Tip-off: 6:00 P.M. ET
Broadcast Info: TSN2 / TSN1050
In just one season with Toronto, Bismack Biyombo became a fan favourite on court and a locker room favourite away from it. Orlando Sentinel reporter Josh Robbins spoke with Biyombo in advance of Sunday’s game and one thing is clear: Although Biyombo is wearing a different uniform this season, his bond with his Raptors teammates remains fully in tact.
"I just think it's going to be fun for me," Biyombo told Robbins. "Emotional? Yes, it's going to be emotional. Those are my guys, my brothers and family."
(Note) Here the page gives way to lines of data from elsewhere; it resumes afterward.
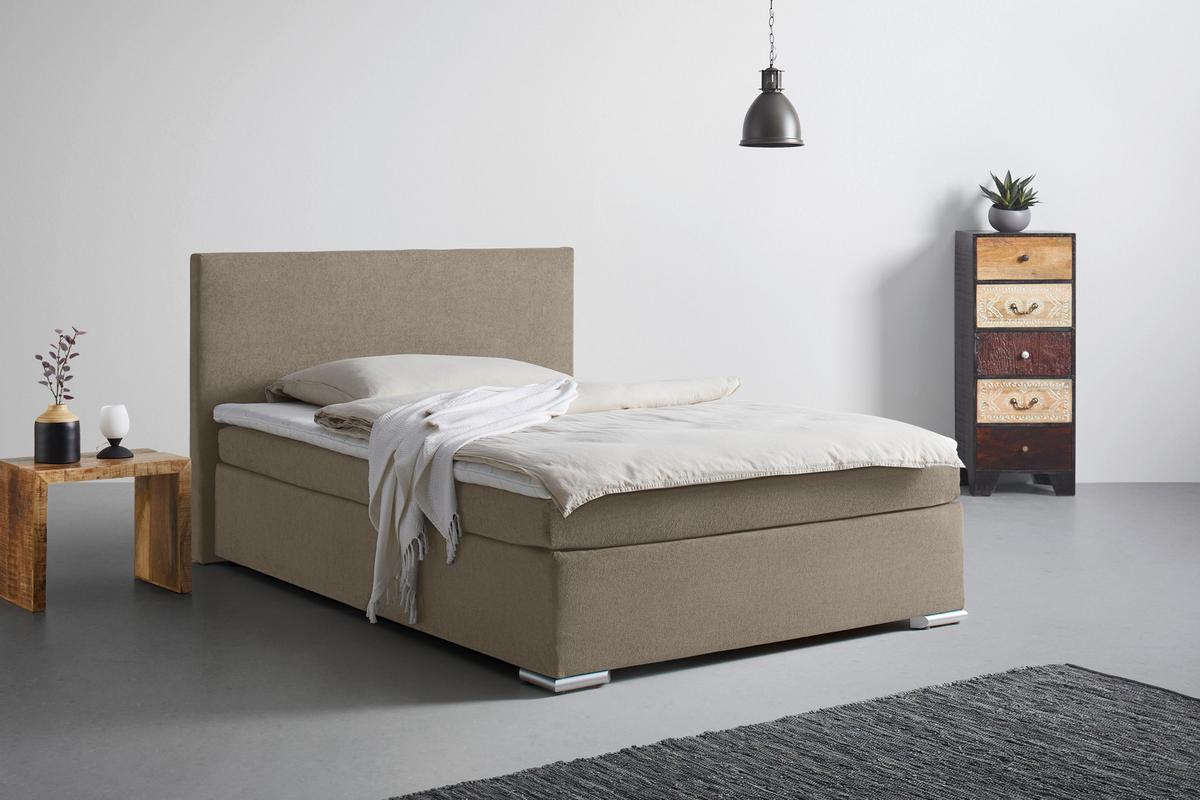 Boxspring Krevet Mira 2 - smeđa, Moderno, drvo/metal (140/200cm) - Based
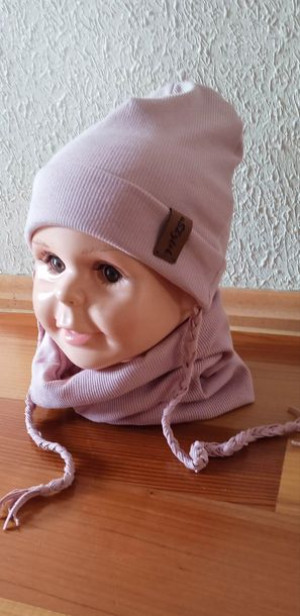 Czapka komin prążki pudrowy róż roz. 44/46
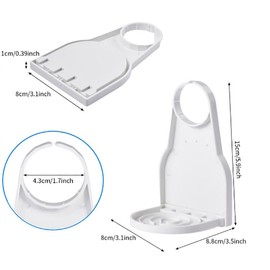 2Pcs Laundry Detergent Cup Holder – No-Drip Spill-Free Tray for Laundry Soap Dispensers – Bottle Attachment Stand for Clean & Mess-Free Laundry Rooms (2, White)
As Toronto continues to find its footing defensively this season, Biyombo’s departure has allowed an opportunity for Lucas Nogueira and rookie Jakob Poeltl to play. Having a defender like Biyombo on the bench was a luxury. After a stellar season with the Raptors where his best play happened in the Eastern Conference Finals against the Cleveland Cavaliers, Biyombo knows his time in Toronto allowed for the opportunity he has in Orlando now.
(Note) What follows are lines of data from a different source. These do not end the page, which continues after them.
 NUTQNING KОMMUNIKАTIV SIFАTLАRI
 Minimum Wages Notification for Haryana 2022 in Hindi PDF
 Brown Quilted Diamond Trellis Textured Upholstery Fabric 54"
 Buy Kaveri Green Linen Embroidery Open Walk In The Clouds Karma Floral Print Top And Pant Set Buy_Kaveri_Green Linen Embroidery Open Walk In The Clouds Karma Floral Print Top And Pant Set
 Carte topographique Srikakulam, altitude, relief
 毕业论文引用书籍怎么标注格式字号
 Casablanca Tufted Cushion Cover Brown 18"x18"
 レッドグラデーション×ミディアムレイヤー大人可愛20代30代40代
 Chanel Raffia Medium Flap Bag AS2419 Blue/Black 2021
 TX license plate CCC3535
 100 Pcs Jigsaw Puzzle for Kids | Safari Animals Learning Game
"Last year for me was special because I don't think without them I [would] be where I am today," Biyombo told the Orlando Sentinel. "They gave me an opportunity and they let me help them. So in the end, we all helped each other. We worked for each other, and the result was what it was, and I think we could live with that."
Shifting the focus to defence
Toronto has already scored 120 points eight times this season. This is topped by just two seasons (2014-15 and 2005-06) where the team accomplished it nine times. Last year’s team topped 120 points just twice. After the team’s practice on Thursday, Patrick Patterson discussed needing to shift attention onto the defence.
“I’m hoping it happens before, knock on wood, a bad loss,” Patterson said. “Hopefully we realize we need to stop dribble penetration, stop people getting to the paint, help each other on the defensive end by talking and communicating and finish plays with rebounds. All those things we used to do we have to get back to. I’m hoping we find a way to get back to that and still have that offensive side as well.”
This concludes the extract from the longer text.